Henrietta Middleton, who married Edward Rutledge, afterward a member of the Continental Congress and Governor of South Carolina, was a noted woman of a notable family. She was a daughter of Henry Middleton, President of the Provincial Council and afterward of the Continental Congress. He was probably the largest landowner in South Carolina., having over 50,000 acres, twenty plantations, and 800 slaves. She was born in Charleston in 1745 and married at the age of twenty-four to the brilliant young lawyer, Edward Rutledge,m still fresh from completing his legal education in England.

Mrs, Rutledge’s mother was Mary Williams. On the tomb at Middleton Place on the Ashley river, near Charleston, is this inscription: “Underneath this stone is deposited Mary Middleton, a sincere Christian. She was the only child of John Williams and the beloved wife of Henry Middleton with whom she lived near twenty years in unreserved confidence. Two sons and five daughters lived to lament her. She departed this life Jan. 9th, 1761, in the forty-sixth year of her age—Much loved and much lamented.”

History's Women: Early America: Elizabeth Grimke Rutledge and John Rutledge's daughter - Sarah Rutledge

Sarah Rutledge

Mrs. Rutledge fell into ill health soon after her marriage, lived quietly, and took no part in social or political life.

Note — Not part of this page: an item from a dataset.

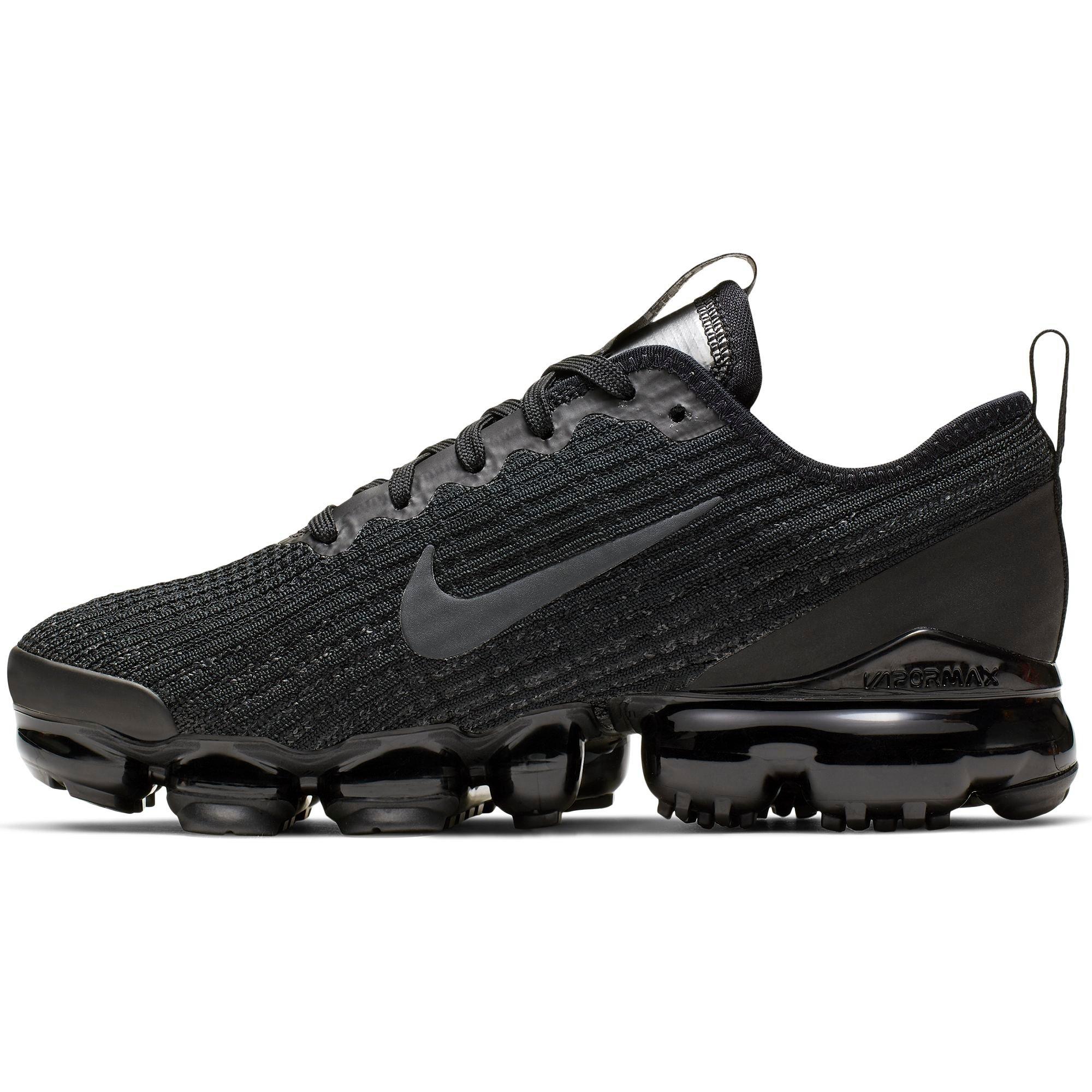 Vapormax flyknit hotsell 3 big kids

Possessed of great wealth in her own right, the wife of the most successful lawyer in the State and well fitted by birth and education to grace and society, she had not the physical strength and died in 1795, leaving two children, a son, Henry Middleton Rutledge, afterward a prominent citizen of Tennessee, and a daughter, Sarah, who never married.

Some time after the death of his first wife, Col. Rutledge was married to his first love, Mary Shubrick, widow of Col. Nicholas Eveleigh, formerly Comptroller of the U.S. Treasury by appointment of President Washington. Thomas Shubrick had opposed the suit of Edward Rutledge when the young man first desired to pay court to his daughter, and old Andrew Rutledge, his father, refused to allow his son to pay his addresses to Miss Shubrick. The young people obediently married to please their parents, as was largely the custom in those days, but remained friends.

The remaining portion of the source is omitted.